Published by John Cormell on
Estimated reading time: 4 minutes
Pension schemes have known about the need to equalise GMPs for over 20 years but most have not taken action to date due to the complexities of the subject and the lack of clarity.
On 26 October 2018 the High Court of Justice ruled that the Lloyds Bank pension schemes do have to carry out GMP equalisation, with the ruling being expected to broadly apply to other ongoing pension schemes.
The case described year-on-year comparison methods of GMP equalisation which will be onerous for ongoing schemes to adopt, with more expensive options needing employer consent.
The silver lining from the Lloyds Bank judgement is that it also provided clarity over using the GMP conversion regulations. This also requires employer consent but that is unlikely to be withheld if trustees and employers are working together to find the optimal solution.
GMP conversion considers the actuarial value of the unequalised male and female pensions and converts the more valuable of the two into a new benefit structure.
GMP conversion considers the actuarial value of the unequalised male and female pensions and converts the more valuable of the two into a new benefit structure, thus achieving equalisation and hopefully some significant simplification.
GMP conversion legislation considers not just GMP but all pension earned before 6 April 1997. So we could change our pension schemes to have a single benefit structure for all pension accrued pre 6 April 1997.
The skill is in picking a new benefit structure that successfully negotiates the various hurdles described later, but conversion has the potential to:
A key consideration will be the impact on members. How will they feel about any changes?

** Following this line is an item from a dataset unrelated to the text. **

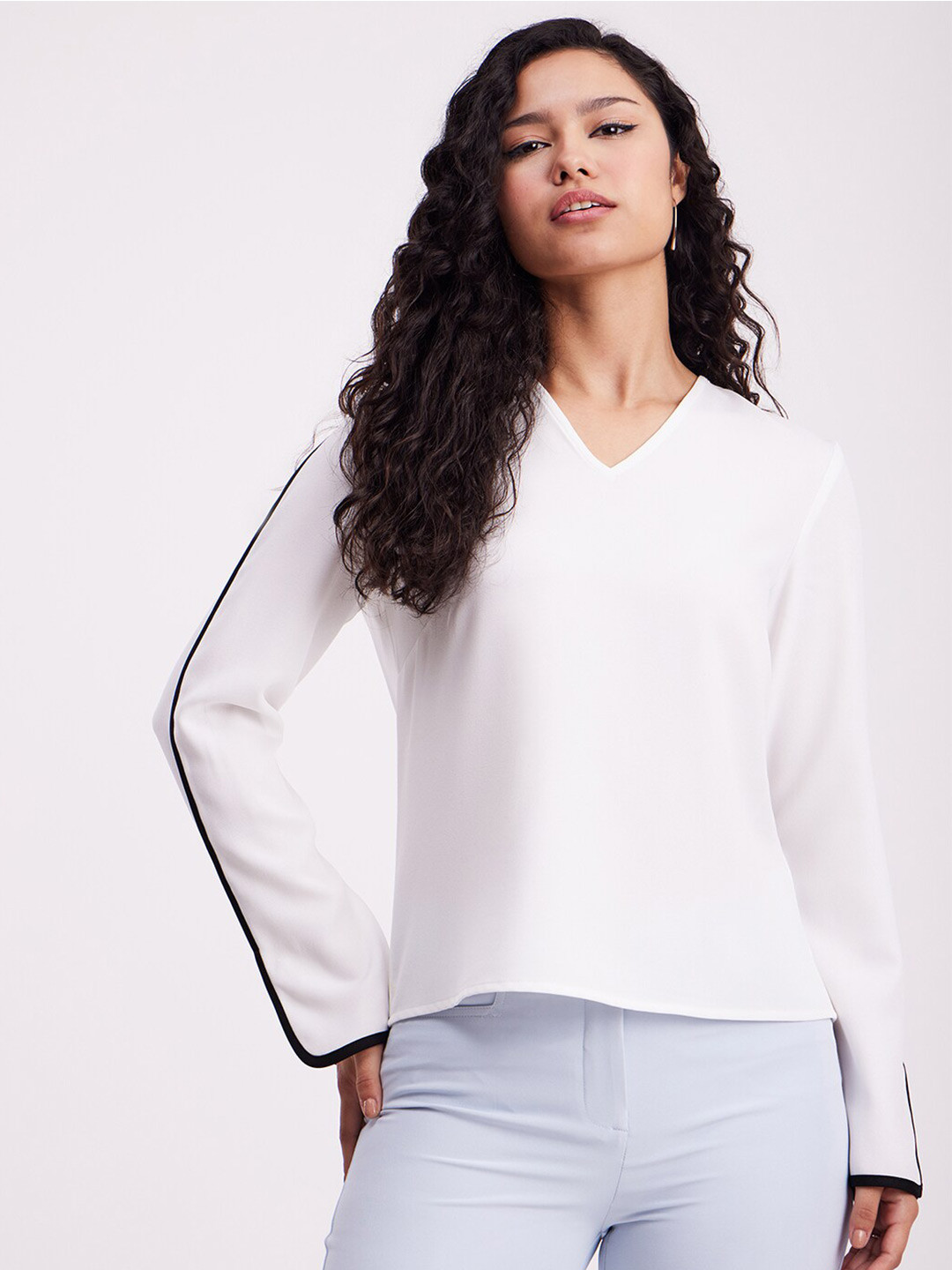 FableStreet V-Neck Long Sleeves White Top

We’re exploring the feasibility of conversion with our clients and we would encourage others to do the same, bearing in mind the impact on members and the hurdles set out below.
Before carrying out conversion, GMP reconciliation should be completed and any data or benefit issues resolved.
Not all tranches of pension can be converted
Under the GMP conversion legislation, non-GMP accrued before 6 April 1997 for a particular member cannot be converted if that member does not have any GMP. However such benefits could still be converted under section 67 of the Pensions Act 1995. Pension accrued after 5 April 1997 is also out of scope of the GMP conversion legislation.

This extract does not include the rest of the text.